=== The data ===
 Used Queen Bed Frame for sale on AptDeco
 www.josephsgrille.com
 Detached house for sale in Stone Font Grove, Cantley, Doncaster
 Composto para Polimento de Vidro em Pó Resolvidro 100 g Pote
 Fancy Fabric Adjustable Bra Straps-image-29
===
=== The data ===
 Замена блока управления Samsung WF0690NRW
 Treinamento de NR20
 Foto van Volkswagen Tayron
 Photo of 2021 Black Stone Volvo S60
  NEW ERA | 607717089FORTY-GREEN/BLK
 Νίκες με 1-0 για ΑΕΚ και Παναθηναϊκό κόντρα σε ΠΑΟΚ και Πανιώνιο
===
## What to do
Go back to the listing above. Copy word for word the lines from the one with "Photo of 2021 Black Stone Volvo S60" through the one with "Νίκες με 1-0", and nothing more.

## Exercise result
 Photo of 2021 Black Stone Volvo S60
  NEW ERA | 607717089FORTY-GREEN/BLK
 Νίκες με 1-0 για ΑΕΚ και Παναθηναϊκό κόντρα σε ΠΑΟΚ και Πανιώνιο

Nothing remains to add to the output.